__Provided information__:
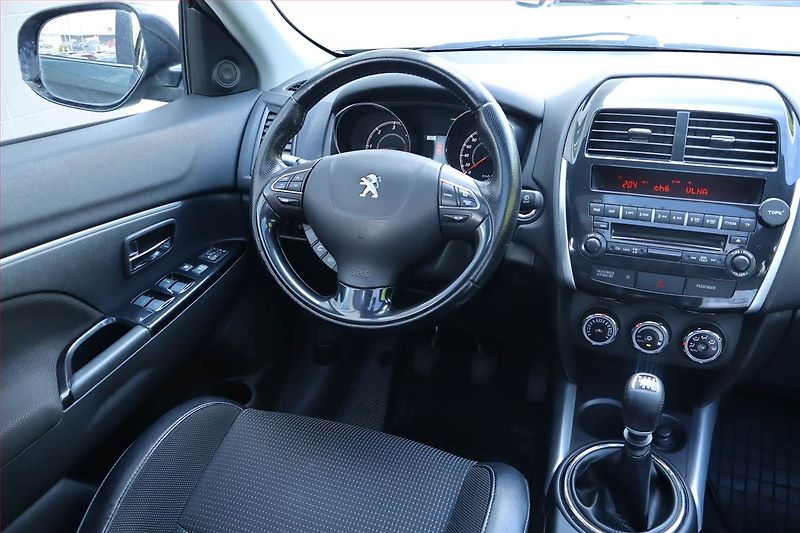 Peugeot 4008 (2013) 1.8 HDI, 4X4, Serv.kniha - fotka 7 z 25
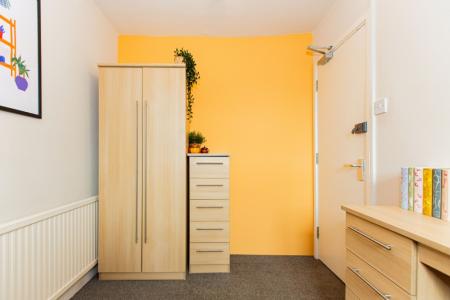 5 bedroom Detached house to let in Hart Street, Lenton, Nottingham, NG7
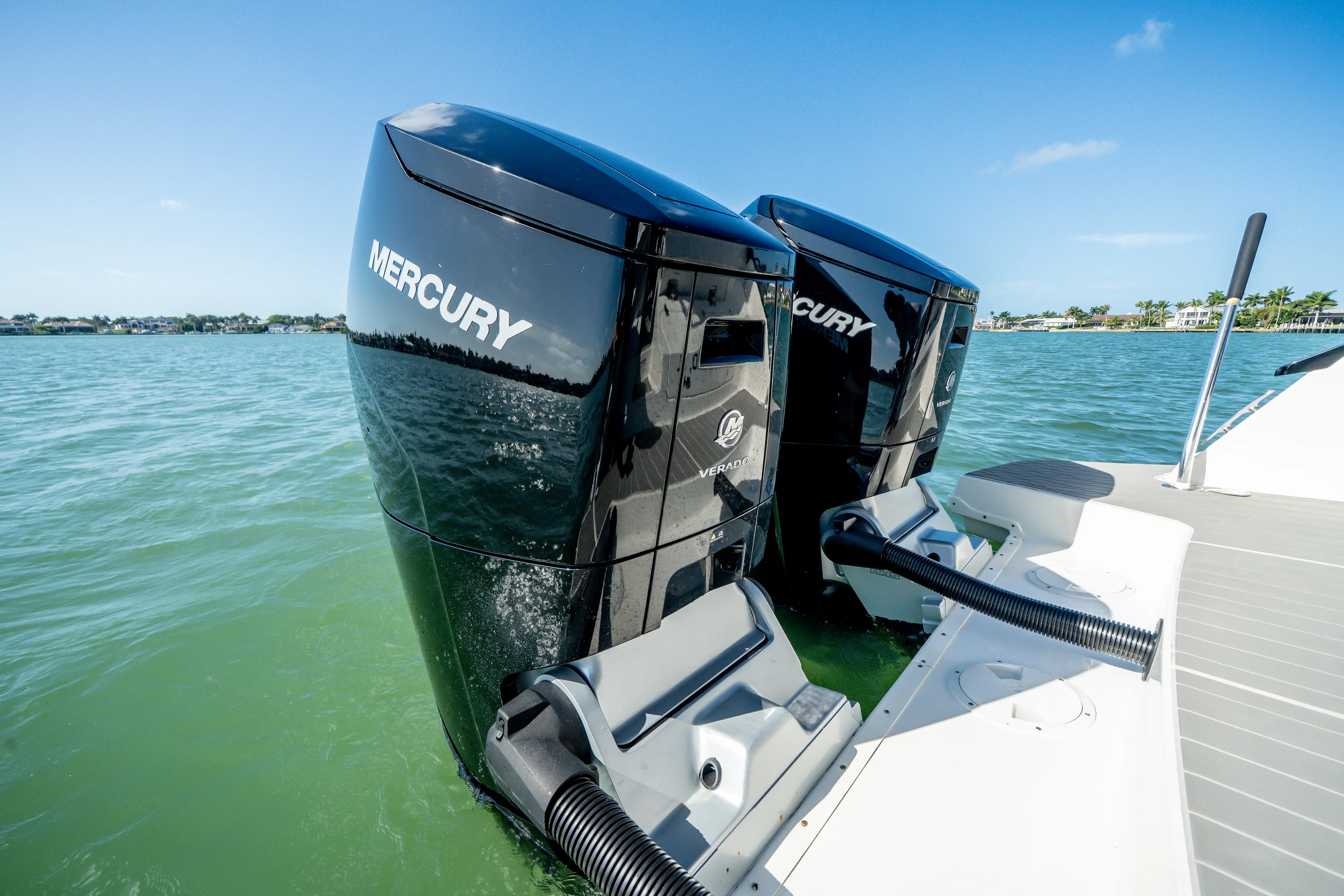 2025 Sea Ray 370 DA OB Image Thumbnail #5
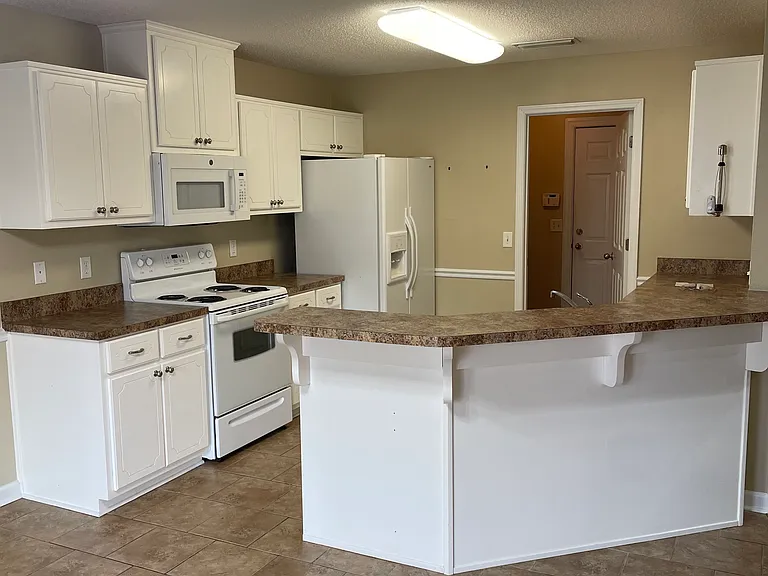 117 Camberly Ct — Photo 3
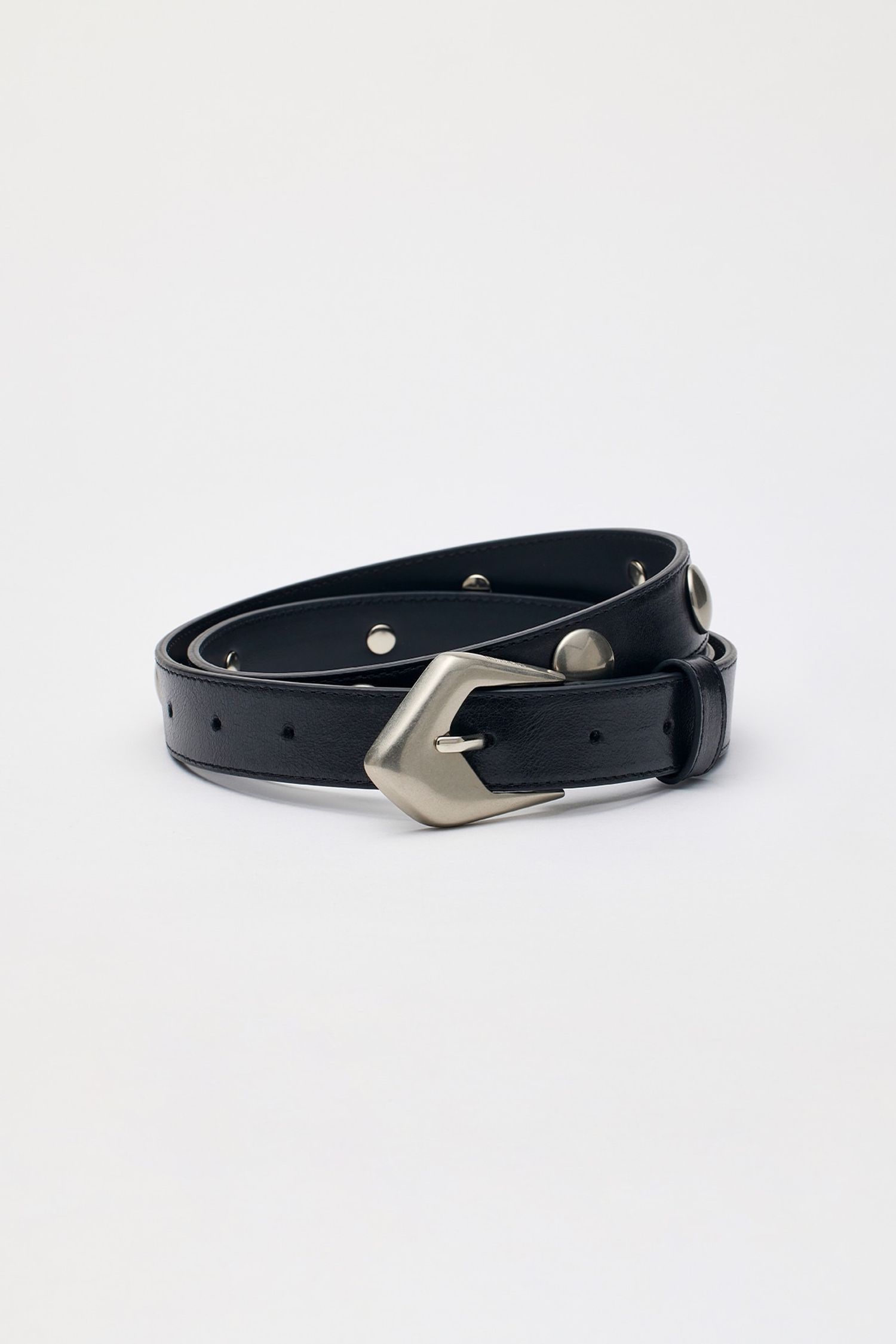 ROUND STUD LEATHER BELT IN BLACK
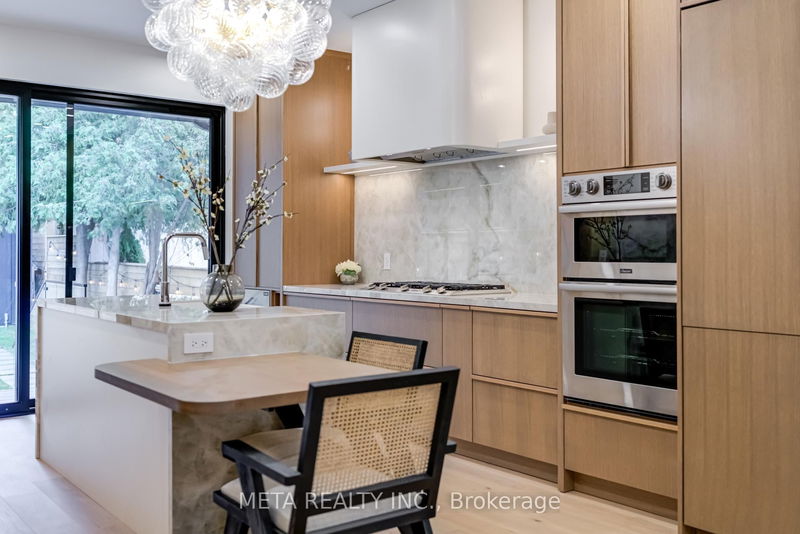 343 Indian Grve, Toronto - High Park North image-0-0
==
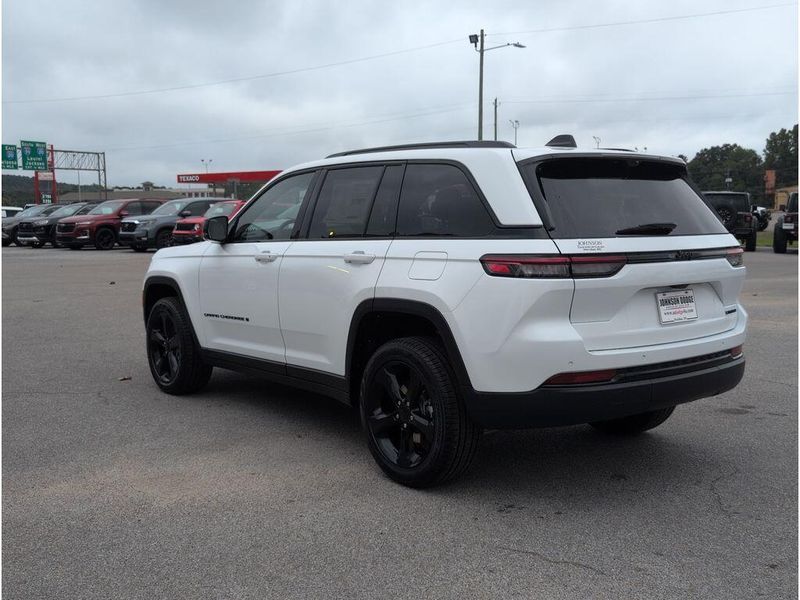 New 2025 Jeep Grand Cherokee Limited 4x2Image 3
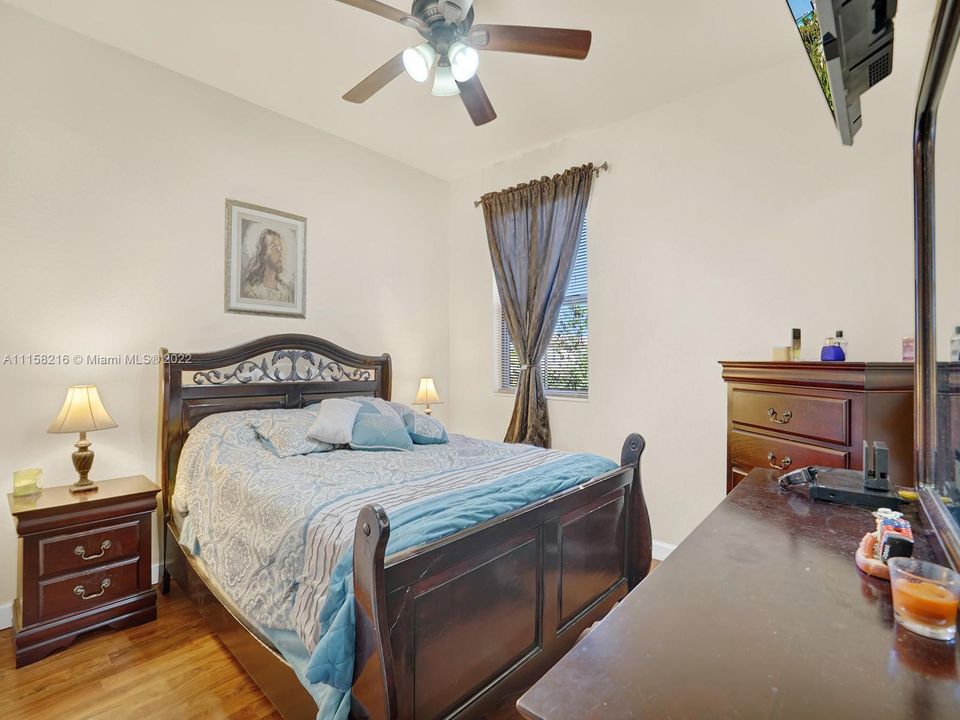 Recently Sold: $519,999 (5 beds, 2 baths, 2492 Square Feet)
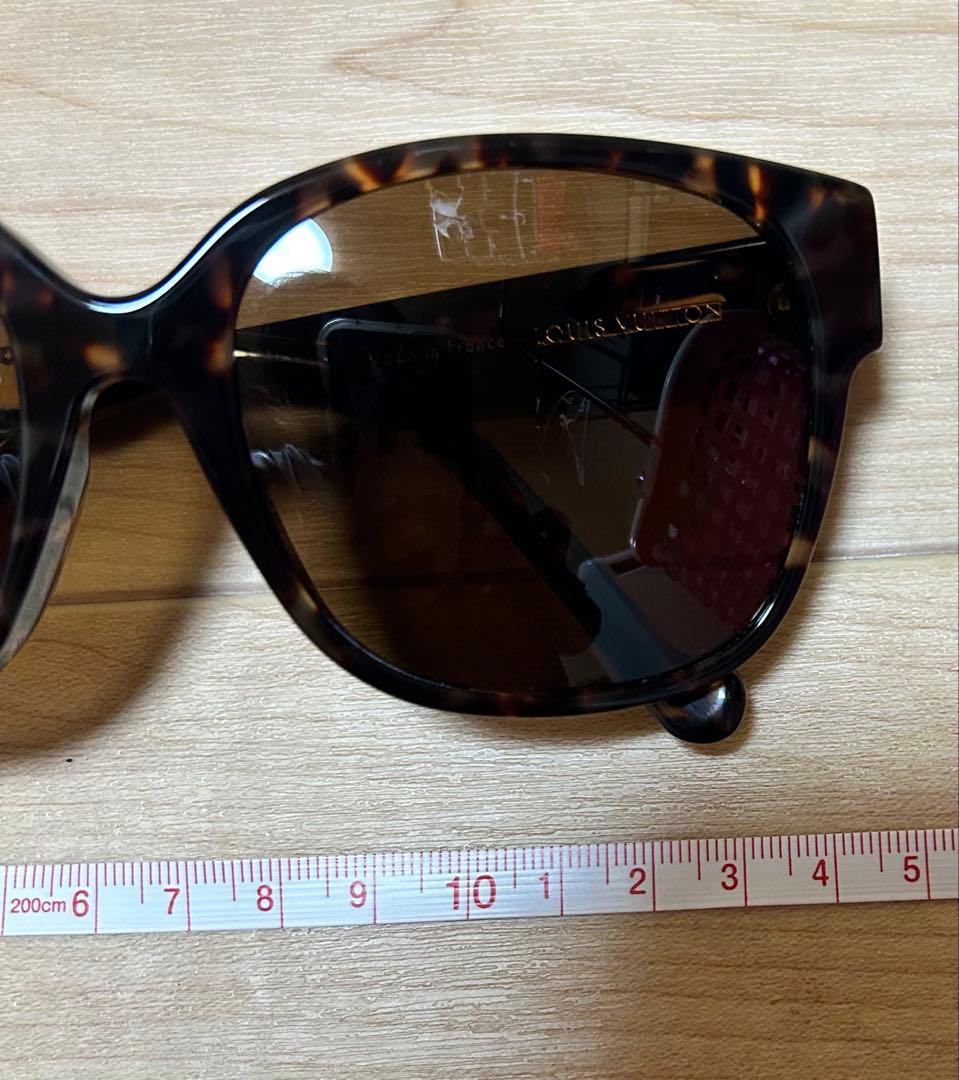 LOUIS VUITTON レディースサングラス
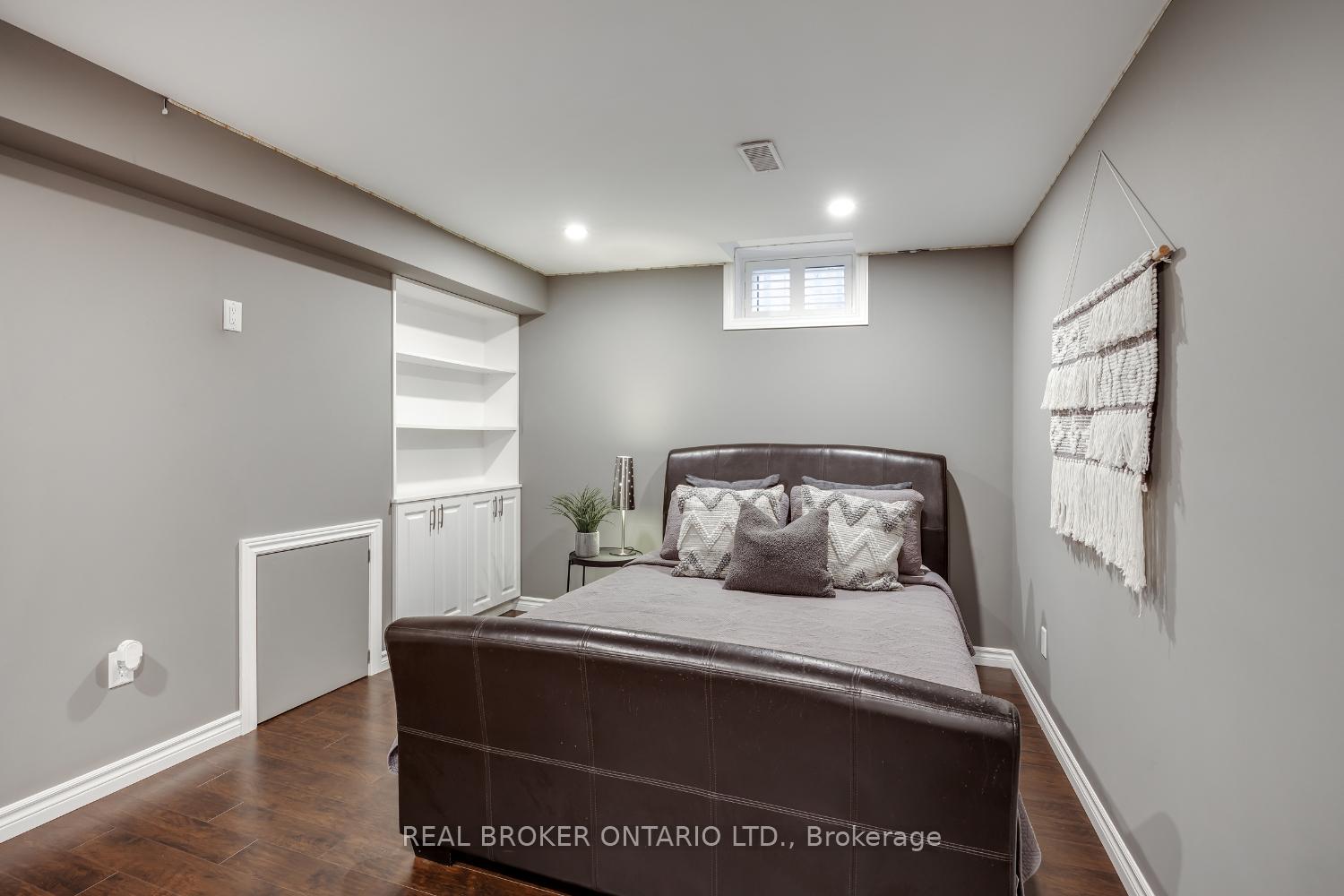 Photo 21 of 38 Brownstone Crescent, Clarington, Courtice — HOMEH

__Exercise details__:
Beginning with the line holding "117 Camberly Ct — Photo 3" in the material above, restate word for word each line through the line holding "343 Indian Grve, Toronto", and exclude pictures.

__Reply to the exercise__:
 117 Camberly Ct — Photo 3
 ROUND STUD LEATHER BELT IN BLACK
 343 Indian Grve, Toronto - High Park North image-0-0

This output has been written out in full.